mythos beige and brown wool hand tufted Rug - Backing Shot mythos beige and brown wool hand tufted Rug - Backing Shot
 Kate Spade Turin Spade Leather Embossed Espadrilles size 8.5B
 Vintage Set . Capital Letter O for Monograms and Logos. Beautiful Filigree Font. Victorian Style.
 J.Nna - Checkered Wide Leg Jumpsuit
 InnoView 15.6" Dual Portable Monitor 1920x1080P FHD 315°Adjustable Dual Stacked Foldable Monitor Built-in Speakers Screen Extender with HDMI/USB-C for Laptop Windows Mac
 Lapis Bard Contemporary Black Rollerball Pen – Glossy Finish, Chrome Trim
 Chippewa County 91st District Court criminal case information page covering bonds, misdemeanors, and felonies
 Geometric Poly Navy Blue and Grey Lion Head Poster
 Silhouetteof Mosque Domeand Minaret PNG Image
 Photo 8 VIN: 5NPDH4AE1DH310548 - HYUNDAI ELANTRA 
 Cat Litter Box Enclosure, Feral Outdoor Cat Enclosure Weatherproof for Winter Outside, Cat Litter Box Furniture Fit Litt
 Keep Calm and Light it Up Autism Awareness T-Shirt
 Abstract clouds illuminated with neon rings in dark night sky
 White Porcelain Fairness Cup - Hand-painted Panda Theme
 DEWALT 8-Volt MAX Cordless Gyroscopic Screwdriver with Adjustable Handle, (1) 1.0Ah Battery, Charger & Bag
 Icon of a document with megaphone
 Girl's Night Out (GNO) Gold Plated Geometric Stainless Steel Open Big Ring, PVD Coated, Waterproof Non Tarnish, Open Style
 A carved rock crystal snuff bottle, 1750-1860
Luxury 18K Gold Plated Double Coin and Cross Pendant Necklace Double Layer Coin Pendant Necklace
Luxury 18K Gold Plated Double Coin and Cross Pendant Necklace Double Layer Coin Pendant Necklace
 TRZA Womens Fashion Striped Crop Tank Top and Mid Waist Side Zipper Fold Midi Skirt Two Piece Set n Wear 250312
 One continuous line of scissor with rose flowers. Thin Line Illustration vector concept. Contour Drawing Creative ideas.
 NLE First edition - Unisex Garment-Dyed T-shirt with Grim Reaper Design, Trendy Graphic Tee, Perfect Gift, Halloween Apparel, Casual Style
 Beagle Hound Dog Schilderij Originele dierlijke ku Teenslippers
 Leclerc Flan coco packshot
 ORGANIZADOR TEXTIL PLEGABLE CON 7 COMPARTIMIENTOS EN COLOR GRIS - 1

Problem to work on:
Repeat the listing in full, keeping every line exactly as it is.

Problem solution:
mythos beige and brown wool hand tufted Rug - Backing Shot mythos beige and brown wool hand tufted Rug - Backing Shot
 Kate Spade Turin Spade Leather Embossed Espadrilles size 8.5B
 Vintage Set . Capital Letter O for Monograms and Logos. Beautiful Filigree Font. Victorian Style.
 J.Nna - Checkered Wide Leg Jumpsuit
 InnoView 15.6" Dual Portable Monitor 1920x1080P FHD 315°Adjustable Dual Stacked Foldable Monitor Built-in Speakers Screen Extender with HDMI/USB-C for Laptop Windows Mac
 Lapis Bard Contemporary Black Rollerball Pen – Glossy Finish, Chrome Trim
 Chippewa County 91st District Court criminal case information page covering bonds, misdemeanors, and felonies
 Geometric Poly Navy Blue and Grey Lion Head Poster
 Silhouetteof Mosque Domeand Minaret PNG Image
 Photo 8 VIN: 5NPDH4AE1DH310548 - HYUNDAI ELANTRA 
 Cat Litter Box Enclosure, Feral Outdoor Cat Enclosure Weatherproof for Winter Outside, Cat Litter Box Furniture Fit Litt
 Keep Calm and Light it Up Autism Awareness T-Shirt
 Abstract clouds illuminated with neon rings in dark night sky
 White Porcelain Fairness Cup - Hand-painted Panda Theme
 DEWALT 8-Volt MAX Cordless Gyroscopic Screwdriver with Adjustable Handle, (1) 1.0Ah Battery, Charger & Bag
 Icon of a document with megaphone
 Girl's Night Out (GNO) Gold Plated Geometric Stainless Steel Open Big Ring, PVD Coated, Waterproof Non Tarnish, Open Style
 A carved rock crystal snuff bottle, 1750-1860
Luxury 18K Gold Plated Double Coin and Cross Pendant Necklace Double Layer Coin Pendant Necklace
Luxury 18K Gold Plated Double Coin and Cross Pendant Necklace Double Layer Coin Pendant Necklace
 TRZA Womens Fashion Striped Crop Tank Top and Mid Waist Side Zipper Fold Midi Skirt Two Piece Set n Wear 250312
 One continuous line of scissor with rose flowers. Thin Line Illustration vector concept. Contour Drawing Creative ideas.
 NLE First edition - Unisex Garment-Dyed T-shirt with Grim Reaper Design, Trendy Graphic Tee, Perfect Gift, Halloween Apparel, Casual Style
 Beagle Hound Dog Schilderij Originele dierlijke ku Teenslippers
 Leclerc Flan coco packshot
 ORGANIZADOR TEXTIL PLEGABLE CON 7 COMPARTIMIENTOS EN COLOR GRIS - 1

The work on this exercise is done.